All at once three voices spoke,
“Never.”
“Never.”
“Never.”
Kate tossed her sweater on the hooks to dry and wrestled a hand through her wet, tangled hair. She stared at Freida’s intricate knitting pattern on the sweater’s sleeve, and a beat of frustration moved through her. She had to wait six more days to meet with the knitting club when she had so many new questions about the Prince. Or…Cress, as he’d called himself.
Cress.
For a moment, her mind’s eye filled with his turquoise eyes going soft, his lips parting, and his tone changing as he stepped in and asked her to kiss him—
She smacked her warm forehead. Kate couldn’t decide if she was flattered or repulsed. Maybe a shameful bit of both.
“Were you telling the truth when you said that if you go home, you’re going to get killed?” she asked the assassins puttering about. She rubbed her stinging skin, realizing she smacked herself too hard.
“Yes,” Shayne said. “But only if we fail.”

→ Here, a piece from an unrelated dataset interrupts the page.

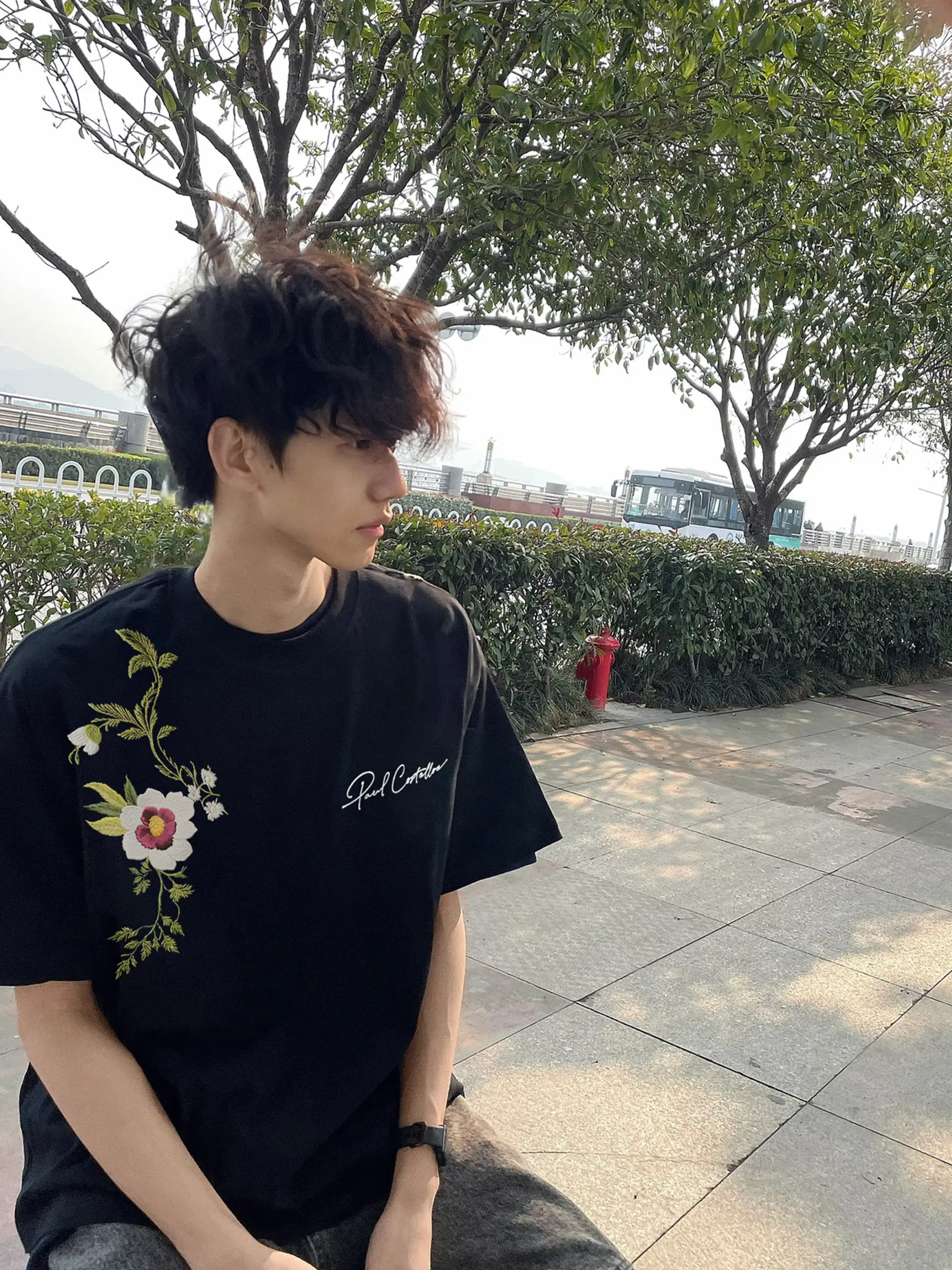 2026 Summer New Men's Amercian Vintage Style Floral Embroidery Loose Casual Cotton Round Neck Short Sleeve Black Gray T-Shirt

She nodded. “I’m sorry that’s the fate waiting for you. But I don’t plan on offering myself as a sacrifice. In fact, I’m changing my orders. I don’t want you to just protect me from the Prince, I want you to protect me fromeverything. If he—or anyone else—is trying to trick me, I want you to give me a heads up. If someone tries to kill me, I want you to stop them. And since that means you can’t go back to where you came from”—she glanced at the bookshelf behind the counter and pulled three novels from her collection: all popular fae fantasy books— “you might as well get reading. You should really know how humans perceive a fae if you’re going to live among us.” She walked around and smacked a book against each of the fae’s chests. Dranian lifted his book in disgust.
“Human literature,” he grumbled. “How preposterous.”

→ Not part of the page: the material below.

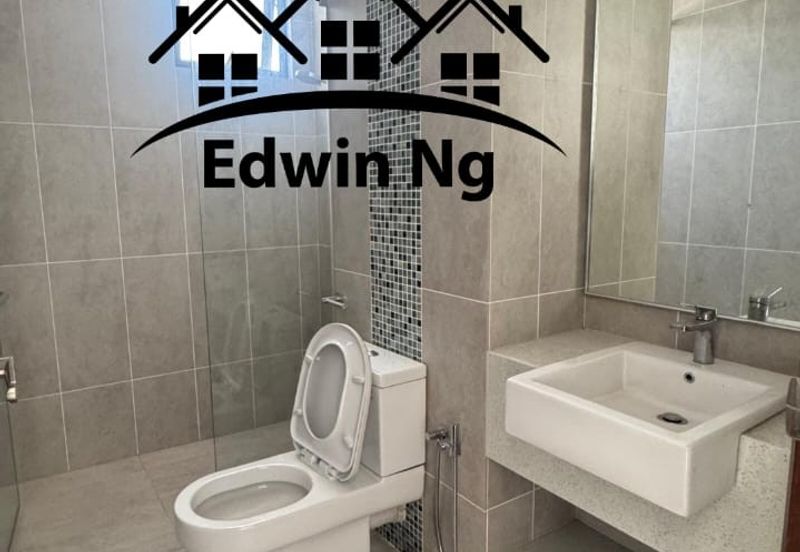 Queens Residences Q2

Thirty minutes later, three assassins sat around the café sipping warm pumpkin spice lattes and flipping the pages of their novels quietly.
Kate wandered up to her apartment and closed the door behind her when she was inside.
For a moment she stood in the silence. The rain picked up again, and in the distance, thunder called her name. She wondered when the fall thunderstorms were going to stop. They’d lasted longer than ever this year. Kate craved cool snow, clear skies, and a storefront filled with happy people sipping piping hot drinks.
She sank to the floor and hugged her knees to herself, sorting through the sounds of the storm to hear Shayne’s question in her mind,
“What’s so important about that human friend? Why must you keep her?”
18
Kate Kole and The Week Lily Baker was (Unofficially) Adopted
When Lily Baker was led into the grade seven classroom of Sir Joseph Elementary, Kate put her gaze on the floor like the rest of the students. And there was only one real reason for it—Lily Baker looked like trouble.
Kate didn’t want trouble. Her best friend Holly had just moved to British Columbia, and since then, Kate spent most of her lunch hour reading quietly at her desk or out beneath the maples in the playground. She could have tried to make new friends, but all the girls were mean and loud and demanded that you pick a side in the class that was divided right down the middle between Sophia Cuthbert’s friends and Layla Meeb’s friends. The two sides hated each other, which was why Kate had never bothered to pick one.
Occasionally, Kate played soccer with the boys, but she couldn’t keep up with them. And she didn’t like being the only girl on the field.
“I heard she just moved into the youth home down the road,” Sophia Cuthbert whispered a few seats away as she nodded to the new girl at the front. A few snickers bounded through the room from people who were loyal to—or afraid of—Sophia.